**What the task asks:** Each line of the listing below that includes "Short" should be reported.

↓↓↓

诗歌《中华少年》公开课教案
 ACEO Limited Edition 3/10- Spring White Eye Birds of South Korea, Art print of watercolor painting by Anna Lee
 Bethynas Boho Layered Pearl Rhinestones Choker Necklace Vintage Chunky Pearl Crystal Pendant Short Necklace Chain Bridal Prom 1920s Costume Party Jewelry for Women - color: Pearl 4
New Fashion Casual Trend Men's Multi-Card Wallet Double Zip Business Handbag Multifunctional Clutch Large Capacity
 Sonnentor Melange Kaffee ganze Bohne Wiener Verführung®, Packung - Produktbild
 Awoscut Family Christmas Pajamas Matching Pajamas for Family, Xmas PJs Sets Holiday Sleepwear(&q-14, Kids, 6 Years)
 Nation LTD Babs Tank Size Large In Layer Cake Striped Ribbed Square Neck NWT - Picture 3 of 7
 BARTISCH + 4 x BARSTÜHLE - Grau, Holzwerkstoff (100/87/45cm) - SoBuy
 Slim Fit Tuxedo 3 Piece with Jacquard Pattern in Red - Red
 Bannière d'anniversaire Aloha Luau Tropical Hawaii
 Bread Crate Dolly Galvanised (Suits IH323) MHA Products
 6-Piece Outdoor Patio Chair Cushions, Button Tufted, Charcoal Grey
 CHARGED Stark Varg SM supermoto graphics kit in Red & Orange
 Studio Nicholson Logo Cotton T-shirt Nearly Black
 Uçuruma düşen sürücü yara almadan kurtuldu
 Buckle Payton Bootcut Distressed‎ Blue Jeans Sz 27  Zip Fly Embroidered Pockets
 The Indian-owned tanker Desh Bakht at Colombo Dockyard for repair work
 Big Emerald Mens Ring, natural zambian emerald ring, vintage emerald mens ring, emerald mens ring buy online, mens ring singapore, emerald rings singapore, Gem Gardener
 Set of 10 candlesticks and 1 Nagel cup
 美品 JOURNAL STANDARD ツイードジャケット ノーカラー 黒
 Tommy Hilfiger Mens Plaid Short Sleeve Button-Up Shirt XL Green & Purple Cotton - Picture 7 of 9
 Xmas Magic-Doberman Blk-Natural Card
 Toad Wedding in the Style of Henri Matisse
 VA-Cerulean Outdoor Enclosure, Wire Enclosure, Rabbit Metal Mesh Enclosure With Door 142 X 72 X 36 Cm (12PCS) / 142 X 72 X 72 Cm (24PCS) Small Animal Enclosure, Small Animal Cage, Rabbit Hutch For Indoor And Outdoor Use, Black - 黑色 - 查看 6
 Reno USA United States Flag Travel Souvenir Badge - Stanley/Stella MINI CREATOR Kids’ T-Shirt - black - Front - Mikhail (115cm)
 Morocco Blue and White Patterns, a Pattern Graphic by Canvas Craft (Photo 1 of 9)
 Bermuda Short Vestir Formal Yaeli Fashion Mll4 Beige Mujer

↑↑↑

**Response to the task:**
 Bethynas Boho Layered Pearl Rhinestones Choker Necklace Vintage Chunky Pearl Crystal Pendant Short Necklace Chain Bridal Prom 1920s Costume Party Jewelry for Women - color: Pearl 4
 Tommy Hilfiger Mens Plaid Short Sleeve Button-Up Shirt XL Green & Purple Cotton - Picture 7 of 9
 Bermuda Short Vestir Formal Yaeli Fashion Mll4 Beige Mujer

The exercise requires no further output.